|
Cirrhosis - Portal
Vein Hypertension Related Complications
Portal vein hypertension is a common and serious complication of cirrhotic
liver disease. Because the blood flow entering the portal vein is being
resisted by the inflamed, fibrostic and nodular liver tissue, the pressure
in the portal vein is increased. Severe complications can occur as the
result of this increased pressure and these include ascites(water
retention), gastroesophageal varices and encephalopathy(mental
disorientation).
In viral hepatitis B and
C, portal vein hypertension mainly stems from hepatic damages, caused by
chronic persistent inflammation and fibrosis in the liver. As the liver
inflammation and fibrosis progresses, the pressure in the portal vein will
continually rise.
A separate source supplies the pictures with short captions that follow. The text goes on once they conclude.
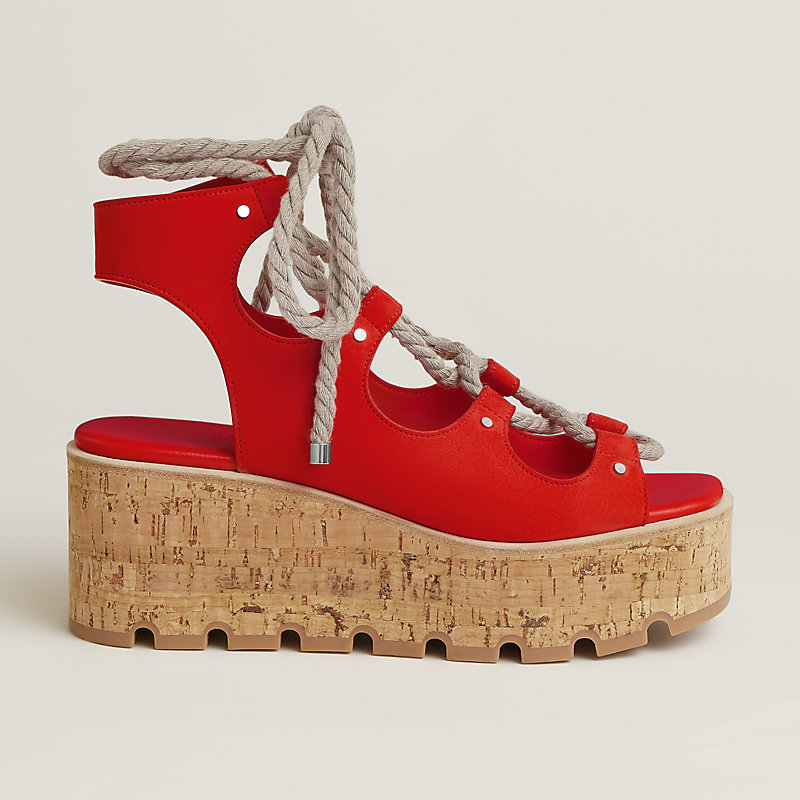 Medusa 30 sandal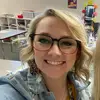 mariahkramer478 - @mariahkramer478 - TikTok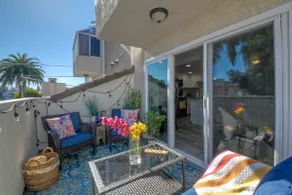 Silver Surf Getaway - Image 3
When this pressure becomes two times higher than the
normal range, collateral complications will start to surface. Under this
pressure level, the portal vein and systematic blood vessels form
collaterals, which will cause the development of gastroesophageal varices.
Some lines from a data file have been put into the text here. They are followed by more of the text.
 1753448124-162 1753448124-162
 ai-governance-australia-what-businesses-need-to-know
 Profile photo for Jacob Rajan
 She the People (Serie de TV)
Varices are the main contributory factor in bleeding, which is the most
serious complication in cirrhotic liver diseases. Another cause of this
type of bleeding is the drop of platelet count and reduced production of
blood clotting factors in the liver.
In the advanced stage, if
the patient is experiencing frequent nose bleeds or gum bleeds, the herbal
solution we use is called Yunan Pai Yao Capsule and it can prevent more
serious bleeds.
When a severe gastro
esophageal bleeding occurs, the patient’s stool color will turn shiny
black and blood pressure will drop sharply and may cause shock. If this
happens, the patient should be rushed to the nearest emergency room
immediately. Any delay could be fatal.
Another common
complication related to the hypertension of portal vein is ascites. In
this stage of the liver disease, the liver's ability to synthesize albumin
is greatly deteriorated. The resulting low albumin level causes the
osmotic pressure of the blood to decrease and the serum’s ability to
hold fluid is compromised. Fluid then leaks into the stomach cavity and
forms the ascites.
When ascites occurs, the patient should restrict salt intake (salt causes
water retention). To treat ascites, the first measure is to improve the
overall function of the liver and increase albumin production.
To reduce water retention in the stomach, an herbal diuretic formula can
be used to eliminate the ascites and ankle edema.